ASCII code points are limited to 7-bit values, i.e., the range 0x0
- 0x7f
(127
).
Therefore, your input values 128
- 255
cannot be represented as ASCII characters, and using -Encoding ASCII
results in invalid input characters getting replaced with literal ?
characters (code point 0x3f
/ 63
), resulting in loss of information.
Important:
In memory, casting numbers such as 32
(0x20
) or 255
(0xFF
) to [char]
(System.Char
) instances causes the numbers to be interpreted as UTF-16 code units, representing Unicode characters[2] such as U+0020
and U+00FF
as 2-byte sequences using the native byte order, because that's what characters are in .NET.
Similarly, instances of the .NET [string]
type System.String
are sequences of one or more [char]
instances.
On output to a file or during serialization, re-encoding of these UTF-16 strings may occur, depending on the implied or specified output encoding.
If the output encoding is a fixed single-byte encoding, such as ASCII
, Default
("ANSI"), or OEM
, loss of information may occur, namely if the string to output contains characters that cannot be represented in the target encoding.
Choose one of the Unicode-based encoding formats to guarantee that:
- no information is lost,
- the resulting file is interpreted the same on all systems, irrespective of their system locale.
- UTF-8 is the most widely recognized encoding, but note that Windows PowerShell (unlike PowerShell Core) invariably prepends a BOM to such files, which can cause problems on Unix-like platforms and with utilities of Unix heritage; it is a format focused on and optimized for backward compatibility with ASCII encoding that uses between 1 - 4 bytes to encode a single character.
- UTF-16LE (which PowerShell calls
Unicode
) is a direct representation of the in-memory code units, but note that each characters is encoded with (at least) 2 bytes, which results in up to twice the size of UTF-8 files for strings that primarily contain characters in the ASCII range.
- UTF-16BE (which PowerShell calls
bigendianunicode
) reverses the byte order in each code unit.
- UTF-32LE (which PowerShell calls
UTF32
), represents each Unicode character as a fixed 4-byte sequence; even more so than with UTF-16, this typically results in unnecessarily large files.
- UTF-7 should be avoided altogether, as it is not part of the Unicode standard.

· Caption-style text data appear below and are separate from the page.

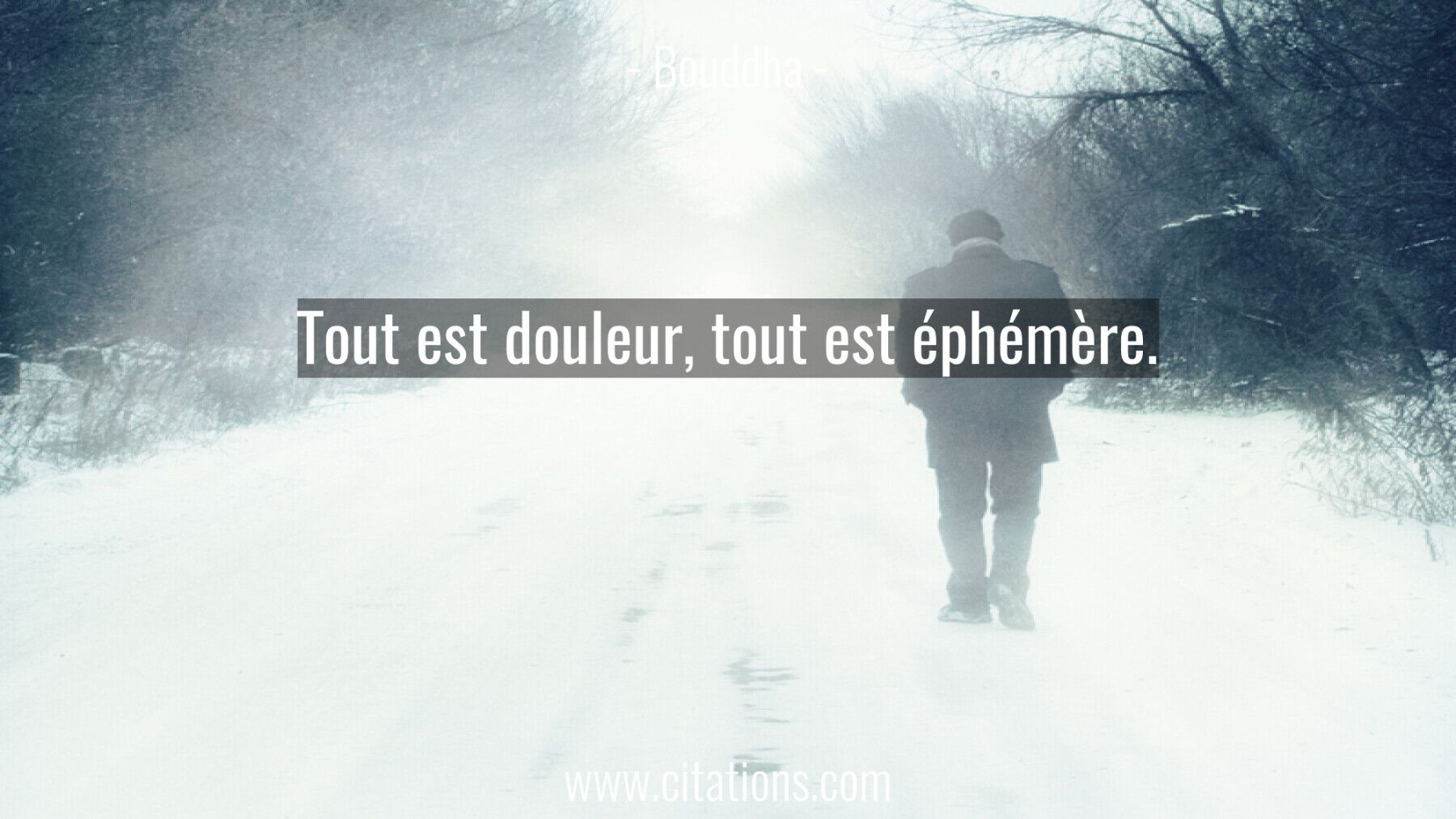 Tout est douleur, tout est éphémère.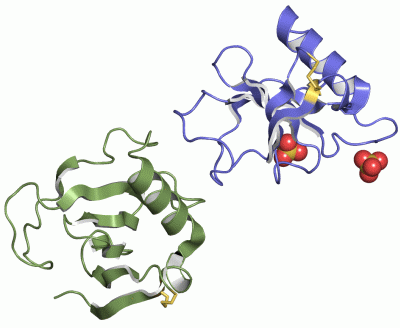Image Asym./Biol. Unit - manually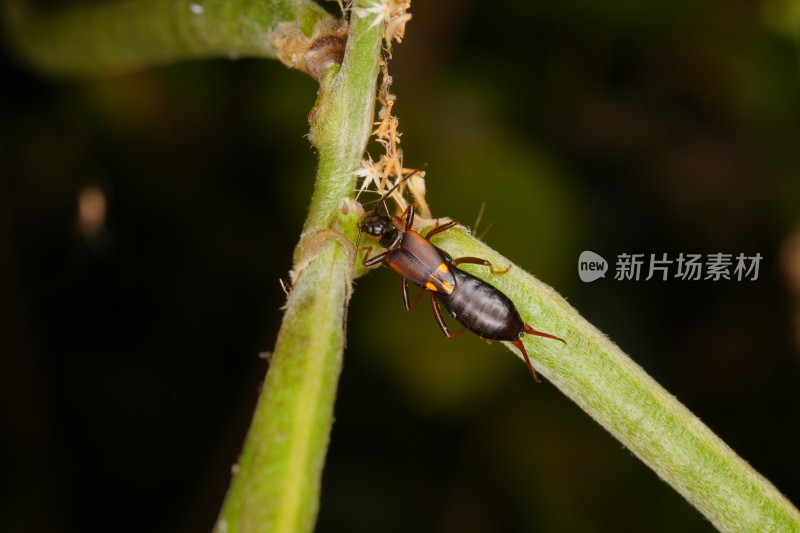 昆虫在植物上爬行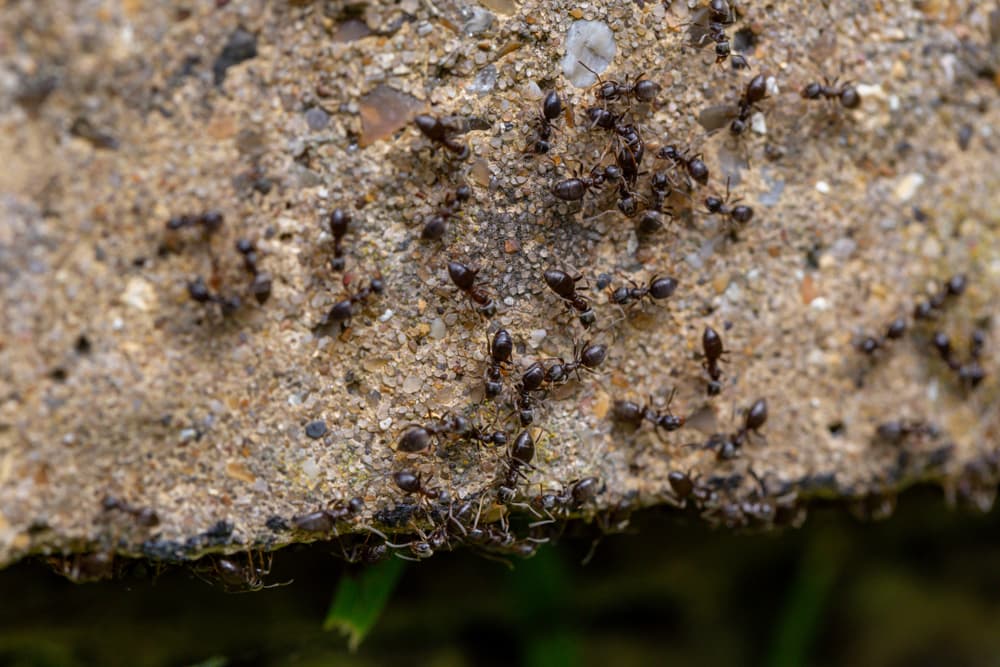 closeup of a swarm of busy black ants on a stone structure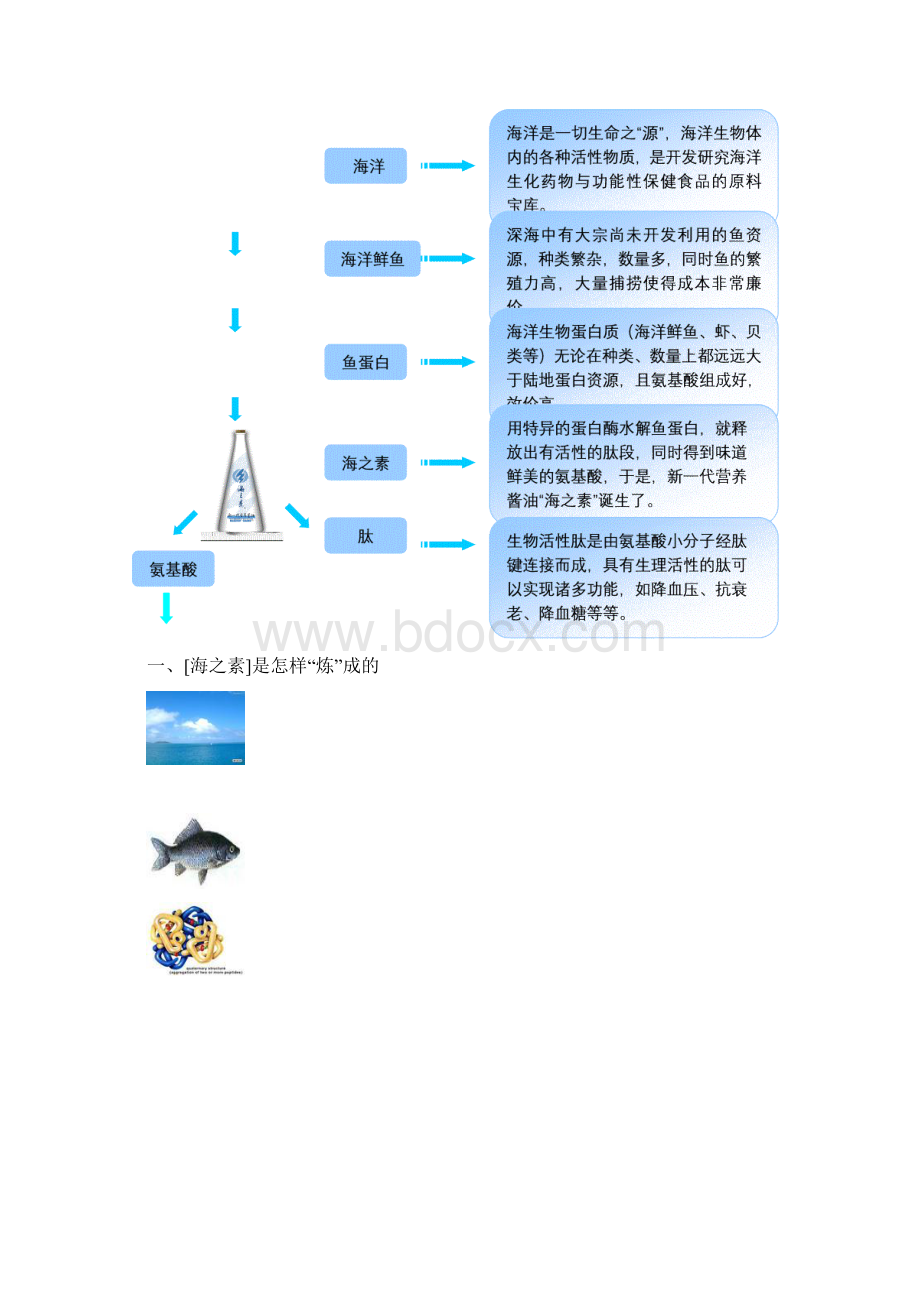 挑战杯金奖海之素创业计划书.docx_第3页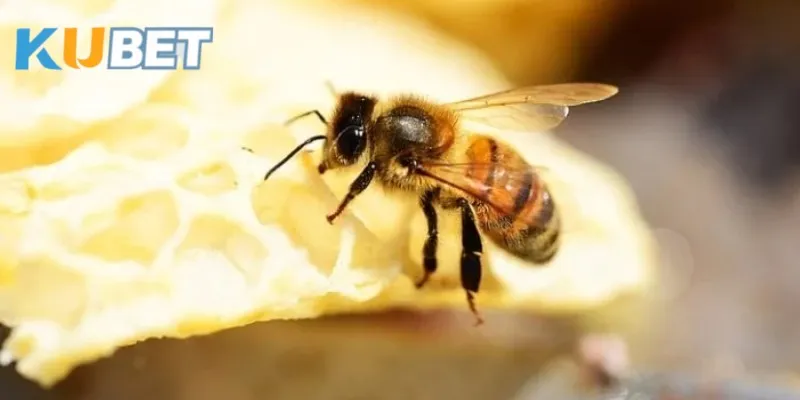 mo-thay-ong-bay-vao-nha-truong-hop-it-thay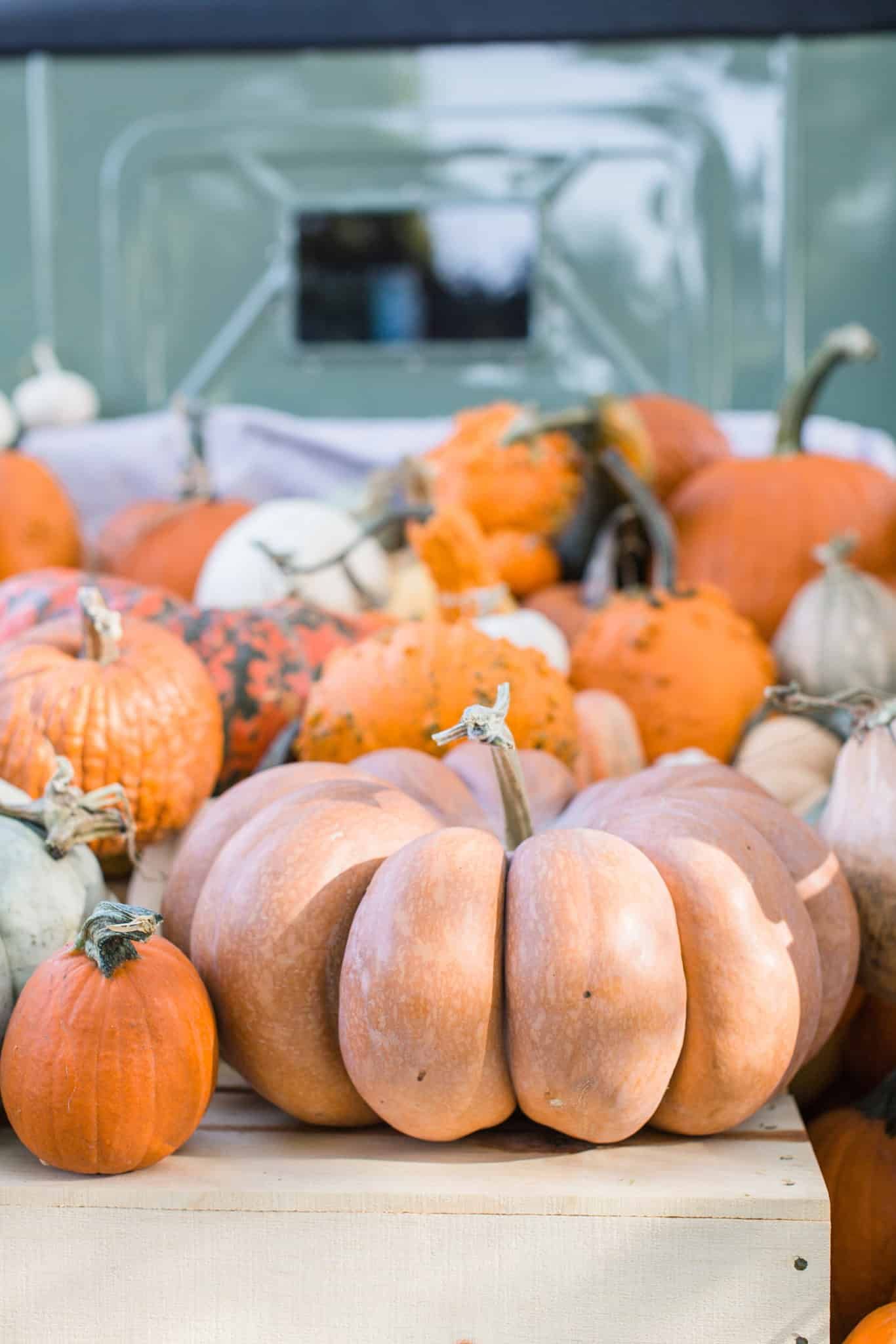 Pumpkins and gourds piled on a table at an outdoor market, with a large tan pumpkin in front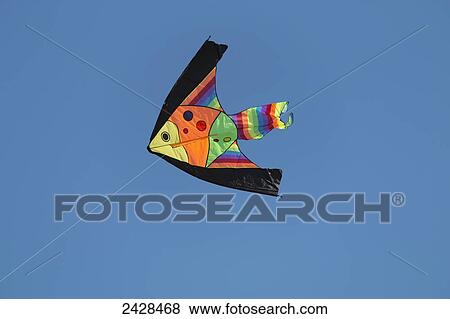 Colourful fish kite in the blue sky; Queensland, Australia View Large Photo Image Stock Photo - Colourful fish kite in the blue sky; Queensland, Australia. Fotosearch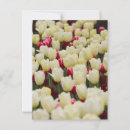 Suche nach fantasie blumen postkarten Natur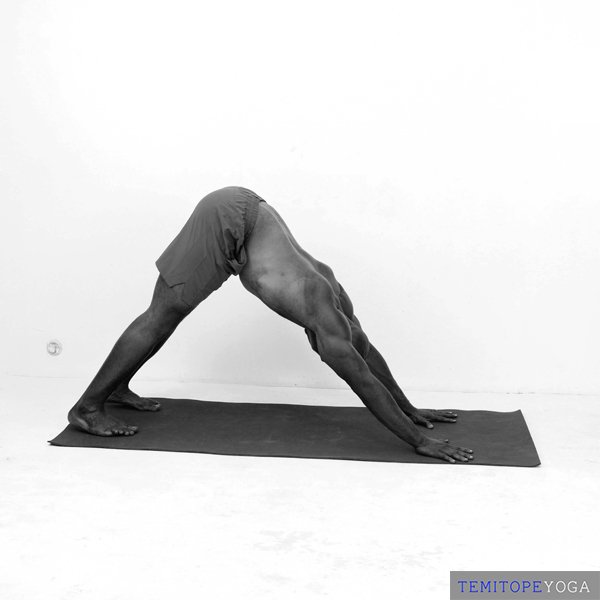 Downward-Facing Dog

[1] Among the legacy code pages supported on Windows, there are also fixed double-byte as well as variable-width encodings, but only for East Asian locales; sometimes they're (incorrectly) collectively referred to as DBCS (Double-Byte Character Set), as opposed to SBCS (Single-Byte Character Set); see the list of all Windows code pages.
[2] Strictly speaking, a UTF-16 code unit identifies a Unicode code point, but not every code point by itself is a complete Unicode character, because some (rare) Unicode characters have a code point value that falls outside the range that can be represented with a 16-bit integer, and these code points can alternatively represented by a sequence of 2 other code points, known as surrogate pairs.